History of Riccar Sewing Machine Company
The Riccar Company was founded on September 16, 1939, originally under the name of Nippon Shokusan Kogyo; then Rikagaku Kogyo.
In May, 1948, it began to manufacture sewing machines in Tachikawa, Tokyo, and initiated sales by way of subscription and installments. This way of selling was an utterly new concept in the sewing-machine industry in Japan.
In the field of research and development, the Model RW-5 was awarded the Government-designated “G” (Good Design) Mark in December 1957. Then, in March 1963, Riccar received the Ohkochi Memorial Technological prize for the first time in the sewing-machine industry.
In the field of sales, Riccar has steadily increased the number of directly-managed chain stores on a nationwide scale through its unique sales method. In 1961, the stock of Riccar was listed on the first division of the Tokyo, Osaka and Nagoya Stock Exchanges .
With the completion of a new head-office building (with nine floors above ground and three floors underground) in July 1963, Riccar’s head office was transferred from Kaji-cho, Chiyoda-ku, Tokyo, to the present address. Riccar launched full-scale business abroad using its own brand name with the establishment of Riccar America Company in 1964, Riccar France SA in 1967 and Riccar Europa GmbH in 1969.
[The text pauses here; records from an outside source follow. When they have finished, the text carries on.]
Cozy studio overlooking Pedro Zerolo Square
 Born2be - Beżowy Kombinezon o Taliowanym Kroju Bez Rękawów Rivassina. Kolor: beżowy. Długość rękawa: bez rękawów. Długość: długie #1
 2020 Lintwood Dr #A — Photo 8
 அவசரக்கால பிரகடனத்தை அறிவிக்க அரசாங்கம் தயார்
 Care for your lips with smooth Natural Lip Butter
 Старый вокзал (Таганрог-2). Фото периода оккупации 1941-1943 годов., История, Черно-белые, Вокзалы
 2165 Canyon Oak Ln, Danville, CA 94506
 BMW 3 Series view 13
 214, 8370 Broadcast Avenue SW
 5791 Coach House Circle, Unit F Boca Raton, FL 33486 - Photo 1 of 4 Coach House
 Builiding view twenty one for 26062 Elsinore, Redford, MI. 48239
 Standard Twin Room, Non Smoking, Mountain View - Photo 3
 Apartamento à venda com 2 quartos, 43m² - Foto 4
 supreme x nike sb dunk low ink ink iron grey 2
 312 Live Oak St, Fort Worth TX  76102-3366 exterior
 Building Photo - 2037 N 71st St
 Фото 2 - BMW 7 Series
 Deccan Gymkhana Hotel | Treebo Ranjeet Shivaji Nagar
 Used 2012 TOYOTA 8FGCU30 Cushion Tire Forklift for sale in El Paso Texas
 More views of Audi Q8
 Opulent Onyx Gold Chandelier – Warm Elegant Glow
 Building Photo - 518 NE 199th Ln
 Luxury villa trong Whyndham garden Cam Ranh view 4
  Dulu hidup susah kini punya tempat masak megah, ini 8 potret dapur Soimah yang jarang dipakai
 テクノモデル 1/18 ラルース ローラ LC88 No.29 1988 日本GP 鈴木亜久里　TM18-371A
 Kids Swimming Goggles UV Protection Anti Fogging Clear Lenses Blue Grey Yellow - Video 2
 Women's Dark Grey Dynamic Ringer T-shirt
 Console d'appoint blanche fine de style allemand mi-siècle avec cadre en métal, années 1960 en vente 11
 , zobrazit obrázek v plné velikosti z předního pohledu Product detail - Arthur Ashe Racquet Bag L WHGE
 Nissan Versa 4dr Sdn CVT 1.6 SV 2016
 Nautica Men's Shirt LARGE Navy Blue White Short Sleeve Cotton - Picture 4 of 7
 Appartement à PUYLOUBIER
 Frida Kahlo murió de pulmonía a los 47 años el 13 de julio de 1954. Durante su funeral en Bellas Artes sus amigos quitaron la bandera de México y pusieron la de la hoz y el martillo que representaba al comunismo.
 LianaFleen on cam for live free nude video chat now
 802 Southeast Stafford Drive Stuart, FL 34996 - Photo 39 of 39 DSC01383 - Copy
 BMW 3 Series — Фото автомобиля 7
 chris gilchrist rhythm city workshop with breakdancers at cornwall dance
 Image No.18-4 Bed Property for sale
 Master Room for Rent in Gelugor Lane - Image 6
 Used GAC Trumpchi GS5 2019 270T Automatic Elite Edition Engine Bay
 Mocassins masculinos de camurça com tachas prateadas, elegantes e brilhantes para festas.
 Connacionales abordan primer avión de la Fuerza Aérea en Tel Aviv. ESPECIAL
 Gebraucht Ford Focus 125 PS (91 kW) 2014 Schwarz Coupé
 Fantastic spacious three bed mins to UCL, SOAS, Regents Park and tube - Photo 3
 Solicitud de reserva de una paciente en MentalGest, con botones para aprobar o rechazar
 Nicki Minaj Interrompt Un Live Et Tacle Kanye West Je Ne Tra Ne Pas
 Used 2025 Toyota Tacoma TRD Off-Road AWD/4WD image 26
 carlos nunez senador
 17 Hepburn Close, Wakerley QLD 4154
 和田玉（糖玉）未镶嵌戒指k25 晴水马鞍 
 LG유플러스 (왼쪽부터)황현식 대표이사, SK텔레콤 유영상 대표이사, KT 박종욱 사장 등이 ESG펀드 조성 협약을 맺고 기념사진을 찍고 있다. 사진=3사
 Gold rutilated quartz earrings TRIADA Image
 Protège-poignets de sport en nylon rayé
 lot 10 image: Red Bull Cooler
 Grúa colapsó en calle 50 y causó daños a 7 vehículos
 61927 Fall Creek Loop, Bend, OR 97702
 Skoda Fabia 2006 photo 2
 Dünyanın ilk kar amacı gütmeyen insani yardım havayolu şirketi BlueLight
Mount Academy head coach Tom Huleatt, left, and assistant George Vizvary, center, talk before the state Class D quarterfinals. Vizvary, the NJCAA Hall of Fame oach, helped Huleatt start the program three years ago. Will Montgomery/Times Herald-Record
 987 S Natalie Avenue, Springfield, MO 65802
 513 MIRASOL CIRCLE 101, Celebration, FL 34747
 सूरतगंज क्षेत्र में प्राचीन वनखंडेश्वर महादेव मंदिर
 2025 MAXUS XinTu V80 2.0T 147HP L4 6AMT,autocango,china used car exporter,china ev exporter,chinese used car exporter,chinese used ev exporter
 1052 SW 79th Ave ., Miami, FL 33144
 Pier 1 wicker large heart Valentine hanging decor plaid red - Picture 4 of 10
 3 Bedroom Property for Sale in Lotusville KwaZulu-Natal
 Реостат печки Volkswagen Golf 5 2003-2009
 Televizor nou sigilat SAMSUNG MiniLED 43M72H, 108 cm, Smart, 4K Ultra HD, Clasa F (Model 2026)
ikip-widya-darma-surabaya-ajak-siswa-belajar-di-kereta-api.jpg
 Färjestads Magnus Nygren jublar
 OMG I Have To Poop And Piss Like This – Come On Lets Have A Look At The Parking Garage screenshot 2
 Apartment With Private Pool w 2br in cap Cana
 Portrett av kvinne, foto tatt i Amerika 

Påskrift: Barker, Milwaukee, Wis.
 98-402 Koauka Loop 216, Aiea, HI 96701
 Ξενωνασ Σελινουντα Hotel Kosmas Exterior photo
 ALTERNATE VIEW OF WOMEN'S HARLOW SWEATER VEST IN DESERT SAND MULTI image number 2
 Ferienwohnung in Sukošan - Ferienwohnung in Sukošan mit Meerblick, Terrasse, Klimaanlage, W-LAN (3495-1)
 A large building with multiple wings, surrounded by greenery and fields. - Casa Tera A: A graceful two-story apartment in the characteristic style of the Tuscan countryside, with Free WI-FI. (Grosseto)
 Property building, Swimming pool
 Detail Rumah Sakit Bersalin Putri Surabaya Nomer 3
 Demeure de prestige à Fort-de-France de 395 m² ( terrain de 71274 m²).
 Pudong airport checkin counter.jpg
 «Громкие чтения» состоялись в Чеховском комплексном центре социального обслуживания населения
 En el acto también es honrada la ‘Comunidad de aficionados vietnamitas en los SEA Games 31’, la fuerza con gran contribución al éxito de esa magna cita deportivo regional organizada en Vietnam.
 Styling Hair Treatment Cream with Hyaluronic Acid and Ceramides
At the same time, Riccar strived at home to make effective use of its powerful sales and service network which has stretched across the whole of Japan. It embarked on the production and sales of electric home appliances in 1965. It also started selling microwave ovens in June 1969.
In December 1973, the Riccar Sewing Machine Company Ltd was redesignated Riccar Company Ltd.
In the sector of sewing machines, the main-line of its business, Riccar developed the free-arm sewing machine in 1970 and an electronic sewing machine for the first time in Japan in March 1976. Two years later Riccar UK was formed in 1978 and now operates from Abingdon, Oxfordshire.
In 1985 the Riccar Company was bought by Daiei, the Japanese equivalent of Marks & Spencer, who now markets machines under the Riccar name.